Graveyards are not everyone’s favorite haunt. And, I must say at the outset, I don’t spend the bulk of my time in them. Yet ever since visiting Melrose Abbey and Greyfriars Kirk during my student days in Scotland, I’ve been fascinated with tombstones and their inscriptions.

Part of my interest has to do with the stories tombstones tell about the times, whether of events that transpired or of social history. One cannot help being impressed by the depth of Christian conviction that some of the inscriptions express, by the moralistic admonitions that some give, and by the simple tomfoolery that appears at times as well. A tombstone is often the last attempt of a person to make a statement, and they are frequently, for that reason, quite revealing.

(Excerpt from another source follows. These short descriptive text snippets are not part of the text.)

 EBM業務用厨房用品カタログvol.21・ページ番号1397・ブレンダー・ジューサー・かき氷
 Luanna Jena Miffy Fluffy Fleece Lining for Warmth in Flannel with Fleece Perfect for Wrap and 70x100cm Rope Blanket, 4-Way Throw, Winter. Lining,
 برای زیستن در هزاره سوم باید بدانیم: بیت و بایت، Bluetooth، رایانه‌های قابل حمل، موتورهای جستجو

What interests me most about tombstones and their inscriptions, however, is what they unintentionally say about the people who wrote them. I have two favorites. The first is from a churchyard in a small village north of Zurich, Switzerland, where I was looking for branches of my own family tree. The Swiss have a habit of burying their dead within parish churchyards in neat, tidy rows according to date of death and not necessarily in family plots. In this particular graveyard is a rather recent grave of a 34-year-old lady with only one word on its headstone: Warum? (“Why?”). Four graves beyond this lady, with the date of death being given as eight months later, is the grave of a 74-year-old man with the following answer on its headstone: Mitt Gott ist keine Warum! (“With God there is no questioning ‘Why’!”). One can only wonder what these two people were like, the circumstances of their deaths, and the debate that went on within the community regarding them.

Resurrection Luck?

My second favorite epitaph comes from the largest of the burial complexes chisled out of the base of Mount Carmel at Beit She’arim in southwest Galilee, Israel, where a number of the famous rabbis of talmudic lore and their families were buried. Many of the chambers and sarcophagi of Catacomb 20 are impressive, with much to be learned about the social and religious history of the Jews in this region during the second, third, and fourth centuries A.D. Inscribed in graffitilike fashion on each side of the entrance to one of the chambers, however, is a most revealing two-part Greek inscription. On the left side it reads: “Be Comforted, Holy Fathers; No One is Immortal.” On the right side: “Good Luck in Your Resurrection.” One may argue theoretically about the relation of immortality and resurrection in Jewish thought. But here is an expression right from the heart that pretty well captures the thinking of the people of that day.

What always overwhelms me, however, in viewing tombstones and their inscriptions, are humankind’s varied attempts to attain immortality. We all want to be remembered by posterity, and so our last endeavor is often to erect a stone monument to ourselves with an inscription that preserves something of the essence of our being. Or, perhaps, we try to accomplish the same end by founding a self-perpetuating institution, building a classic edifice, painting the ultimate masterpiece, or writing some memorable piece of poetry or prose. But monuments become defaced, institutions and edifices are soon altered, and most artistic and literary works have only a limited life span.

Memorials are best written in people. And somewhat paradoxically, the truly lasting memorials come when we do things for others’ best interests and not our own. Inscriptions, buildings, and great works of art leave a valuable testimony, but it is by what we have helped to build into the lives of our children, our students, our parishioners, our neighbors, and our friends that we will be remembered in days to come. This, I am sure, is the primary lesson I have learned from tromping around graveyards. It is, however, a lesson easily forgotten—one that needs constant repetition.

So I find myself often revisiting graveyards. Perhaps we’ll meet sometime.